This well known variant is associated with myeloproliferative diseases: it is used as a diagnostic, providing supporting evidence in individuals who already have symptoms. It is seen as an acquired (not inherited) mutation, one of an accumulation of changes that leads to the development of these cancer-like diseases. It is possible to see this variant in whole genome data or genotyping from blood-derived DNA — but it is unclear how to view the presence of the variant in individuals who don’t have symptoms of the disease. Data from Nielsen et al. suggests that such carriers are at much higher risk of developing myeloproliferative disease or other blood cancer (with roughly 50% of still-living individuals developing these diseases by around 10 years after initial samples — but these numbers are extremely uncertain).

Variant evidence
Computational 1

Polyphen 2 predicts damaging, gene & variant known to be associated in individuals already diagnosed

See Baxter EJ et al. 2005 (15781101).

Functional 4

active in absence of erythropoietin signalling, loss-of-heterozygosity observed clinically is consistent with suppression of this activity gain by wildtype JAK2, cell lines with JAK2-V617F became able to grow independently of growth factors, mice with JAK2-V617F bone marrow transplants had significantly high volume of red blood cells in their blood.

See James C et al. 2005 (15793561).

Case/Control 5

p=7*10^-22 for myeloproliferative disease and p=2*10^-32 for hematological cancer

See Nielsen C et al. 2011 (21160067).


No familial data; cases to date appear to be acquired mutations (rather than inherited)

Clinical importance
Severity 4

Polycythemia vera, Essential thrombocytosis, Myelofibrosis

Treatability 4

Polycythemia vera and essential thrombocytosis are fairly treatable

Penetrance 4

Chance for subsequent development of myeloproliferative disorder and/or blood cancer unclear, may be 20%-50% range.

See Nielsen C et al. 2011 (21160067).



High clinical importance, pathogenic

(The "high clinical importance, " qualifier is assigned automatically based on the above evidence and importance scores.)

Inheritance pattern


Summary of published research, and additional commentary

This variant was discovered in the context of myeloproliferative diseases, and is a standard component in the diagnosis of these diseases — patients which have symptoms of the disease are tested for the presence of this variant, which is viewed as confirmatory evidence. How to react when an assumed-healthy individual presents with the variant is largely unknown. The variant has to date been reported as an acquired (not inherited) pre-cancerous mutation in blood stem cells. As genotyping / exome sequencing / whole genome sequencing are often performed using blood-derived DNA, this is sampling the appropriate tissue for detecting the acquired mutation.

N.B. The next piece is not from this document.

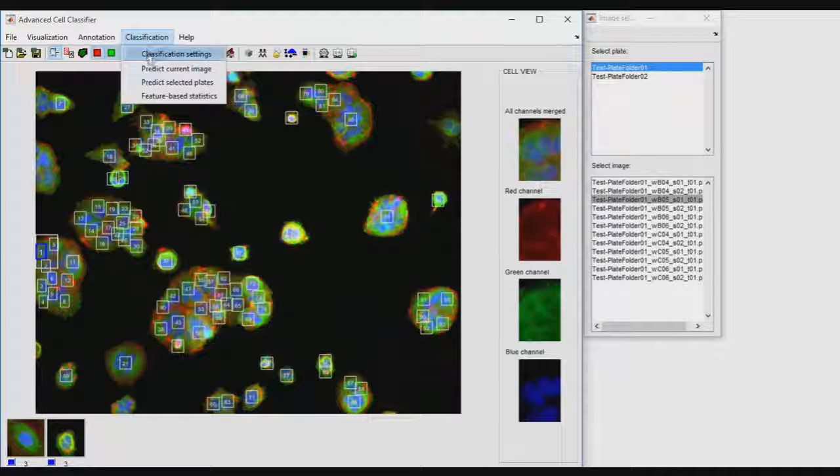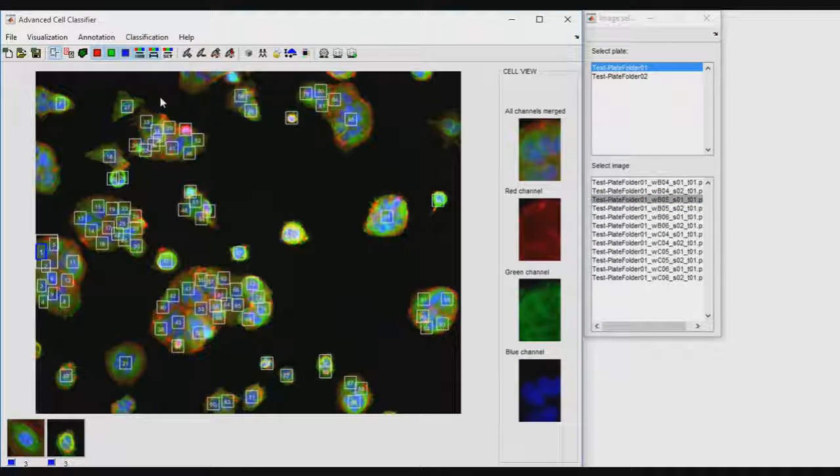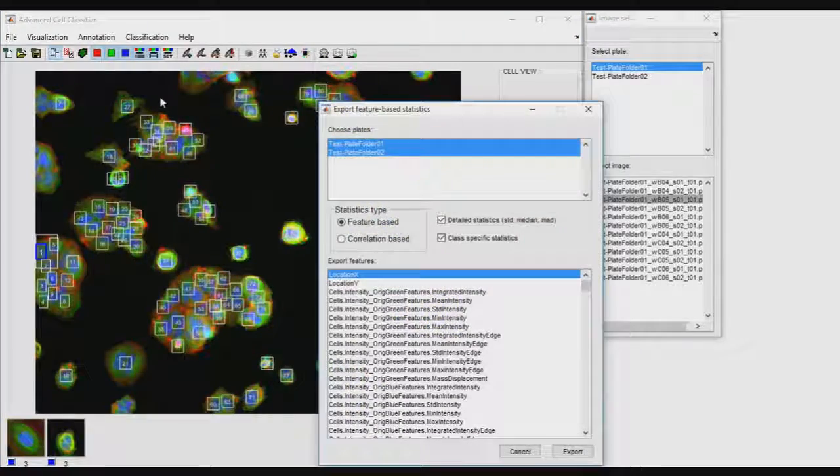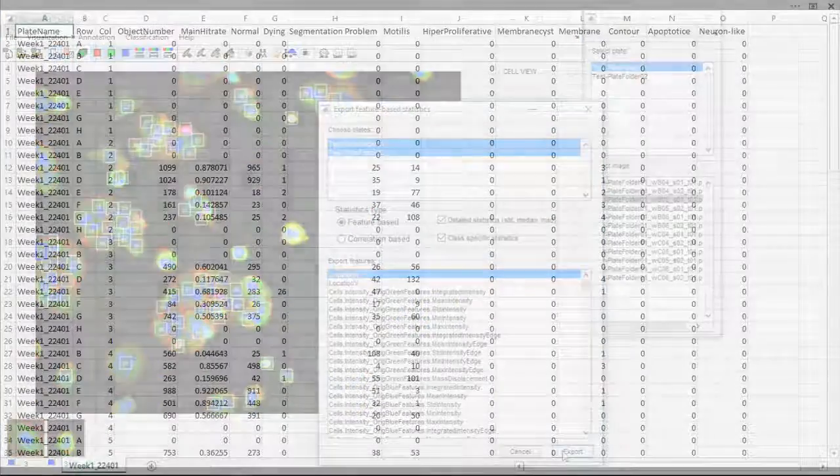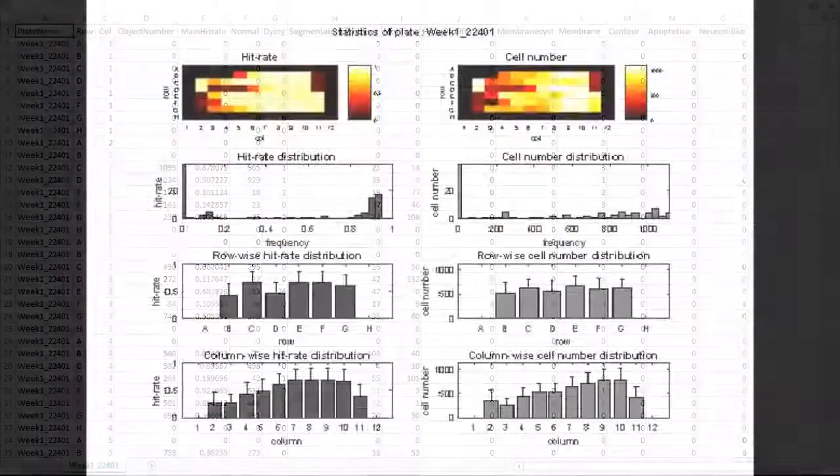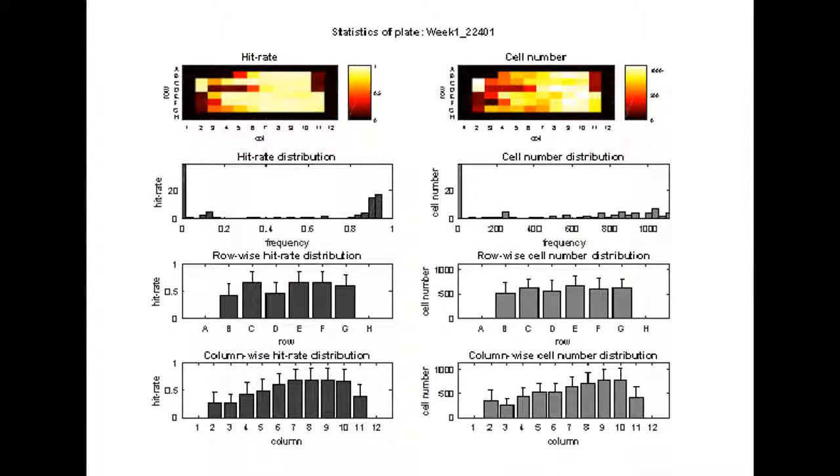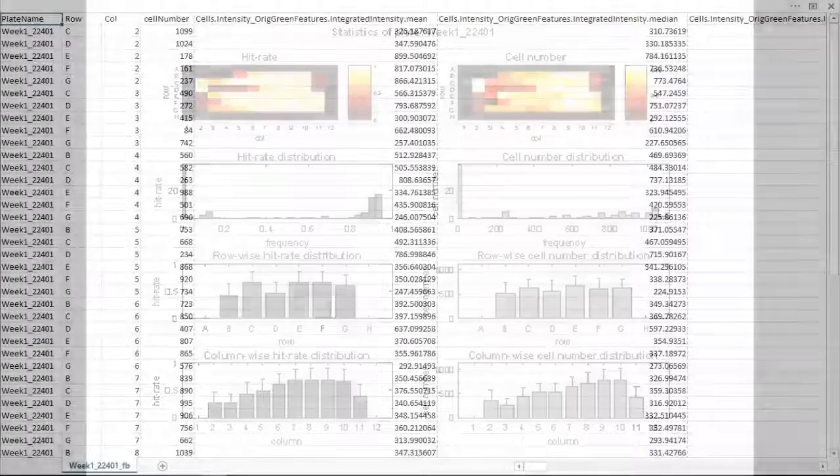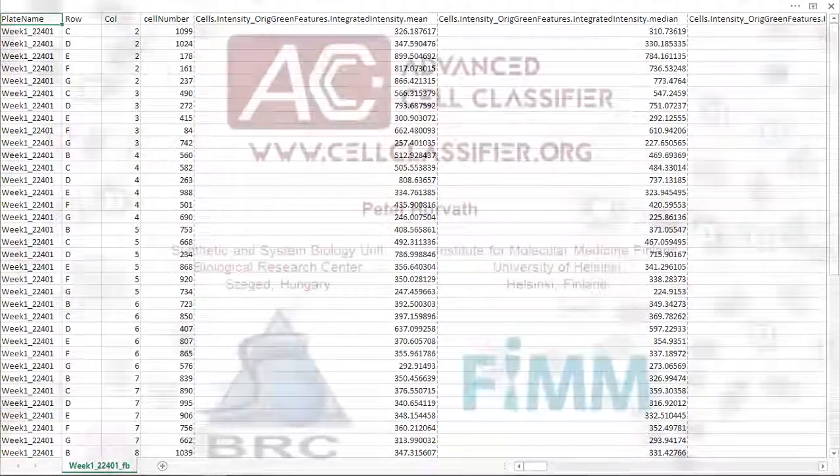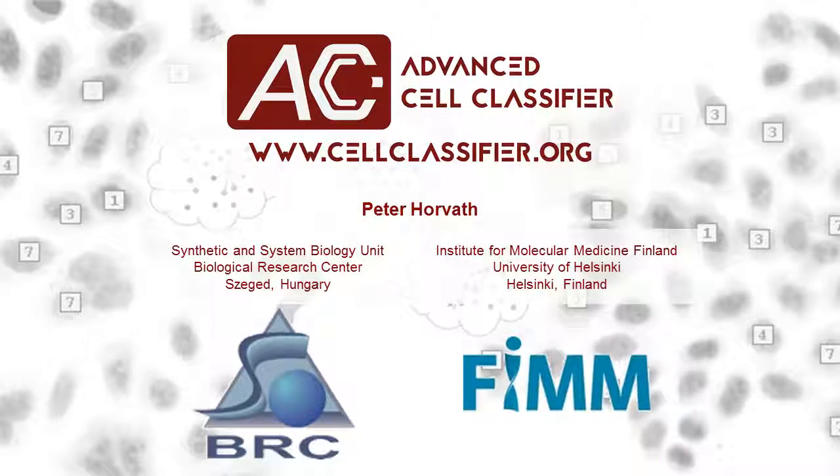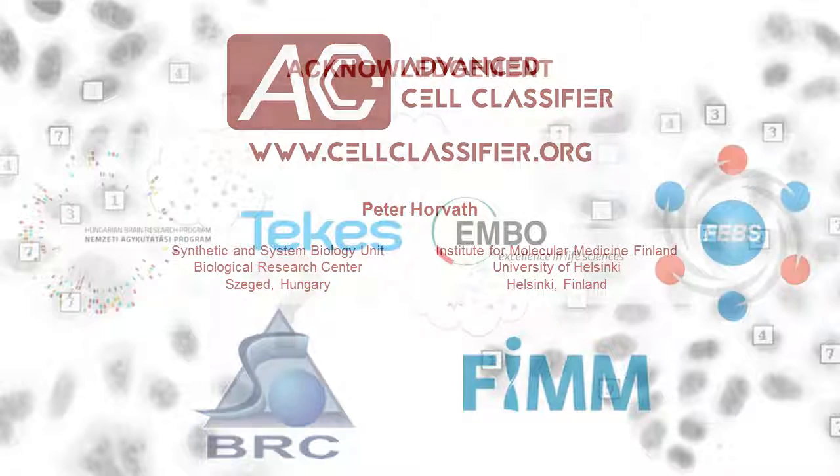Having achieved a satisfactory quality of classification, one can use different functions to obtain various output results, such as cell-by-cell classification, statistics about the incidence and distribution of the different classes, class-based statistics for the different features computed, and so on. Please read the help documentation to get a more complete overview of the various analysis options offered by Advanced Cell Classifier. Thank you for watching this introductory video tutorial.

The most relavent study is probably Nielsen et al. (data from the Copenhagen City Heart Study), which found 18 individuals with the variant. They report using the testing method of Baxter et al., implying a low sensitivity examination of Sanger sequencing — this is very similar to the sensitivity we would expect from whole genome sequencing. Other reports (Xu et al., Lauw et al.) use much more sensitive allele-specific PCR testing to detect very low levels of the variant (0.25% and 0.1% respectively); levels this low would typically be rejected as sequencing errors when analyzing genotyping or sequencing data.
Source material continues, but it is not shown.